Gun Control

Anisa Nur

Gun control is one of the many controversial topics for Americans. The United States constitution grants U.S citizen’s right to bear arms in its second amendment. Although the right to bear arms would not be removed, on April 7, the Biden-Harris Administration announced six initial actions pertaining to gun restrictions. Some of these actions included the ban of ghost guns, annual reports on firearms trafficking which would be conducted by the Justice Department, as well as “red flag” laws which permit police or family members to petition courts to remove guns from dangerous individuals. Despite the lengths for gun control varying depending on an individual’s beliefs, are restrictions ultimately necessary to ensure American’s safety?

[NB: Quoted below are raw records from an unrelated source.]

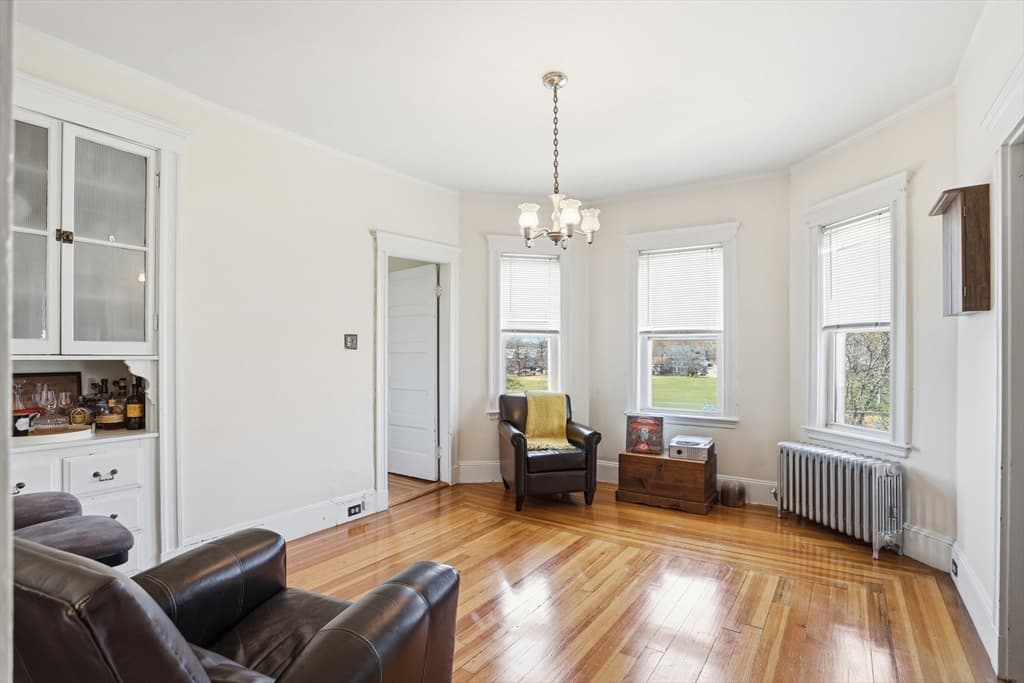 320 Fellsway West, Medford MA 02155 photo 5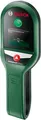 Bosch Universal Detect Digitaler Multi-Detektor Stromführendes Kabel - Metall - Holz (06036813Z0)
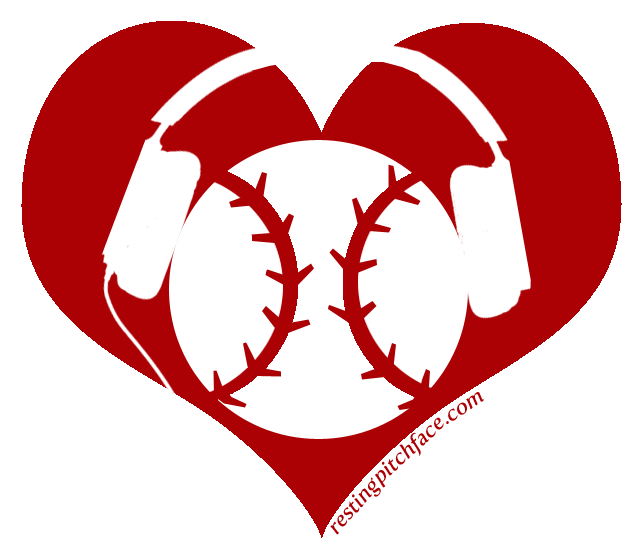 Baseball And The Olympics (661x600), Png Download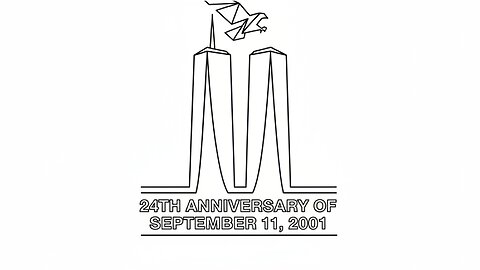 Safety Wars Live 9-11-2025 September 11th, Charlie Kirk Discussion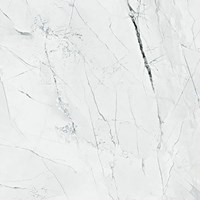 Gạch lát nền Taicera 60x60 GP68905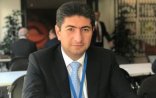 İcra başçısına məxsus olduğu deyilən restoranda jurnalistin qolu sındırıldı – FOTOLAR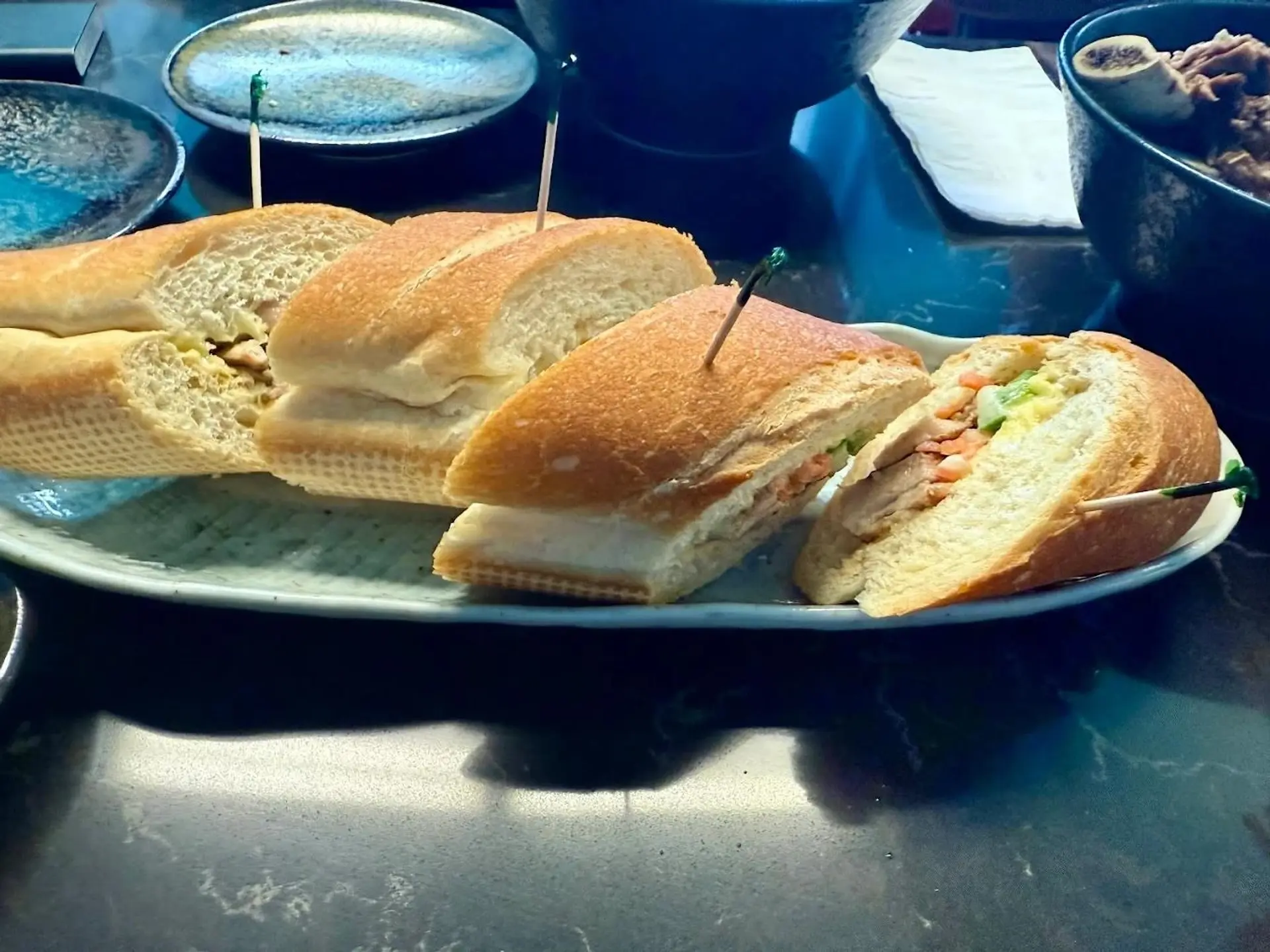 Property at 7056 KERR STREET, Vancouver, BC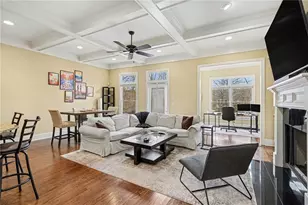 657 Lockton Pl, Atlanta, GA 30342 - Photo 4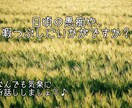 愚痴聞き、暇つぶし相手します 日頃の愚痴や、暇つぶしにお話相手します！ イメージ1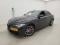 preview Alfa Romeo Giulia #0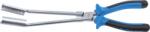 BGS technic Cleste pentru bujii, 290 mm, BGS 1739 (B-1739) Cleste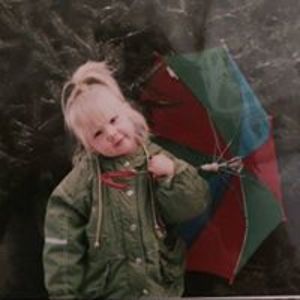 kaja_sehnalova avatar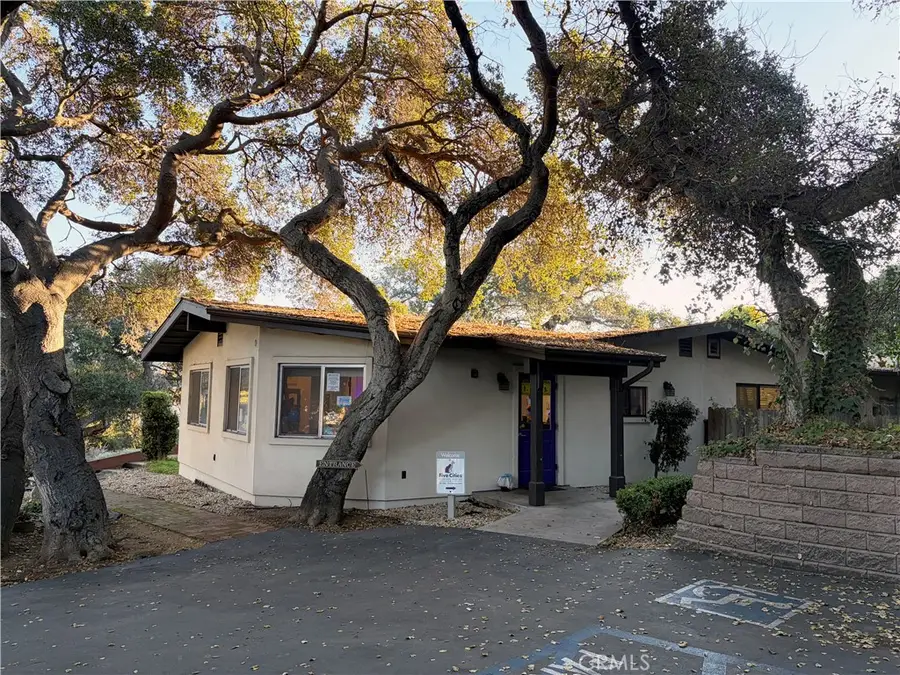 1577 El Camino Real, Arroyo Grande, CA 93420 - #3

Due to the rise in mass shootings within the past few months, the call for gun control has increased with greater reason. In response to reporters outside of the White House, President Joe Biden exclaimed, “it makes no sense” to be able to purchase high-caliber assault rifles. It is irrational to repeat the same action over and over again expecting a different outcome while doing nothing. The President, similar to many Americans, is calling for change. Restrictions are finally being put into action, but the division amongst Americans is still present. According to a survey conducted by Pew Research Center, 42% of Americans believe there would be no difference in mass shootings if guns were harder to obtain.

While gun culture is deeply ingrained in American society, as well as citizens’ political and ethical beliefs, does a common ground exist? 48% of Americans agree gun violence is a very big problem, including 24% claiming it is a moderately big problem. With time change is evident, but what does this look like for the future of America?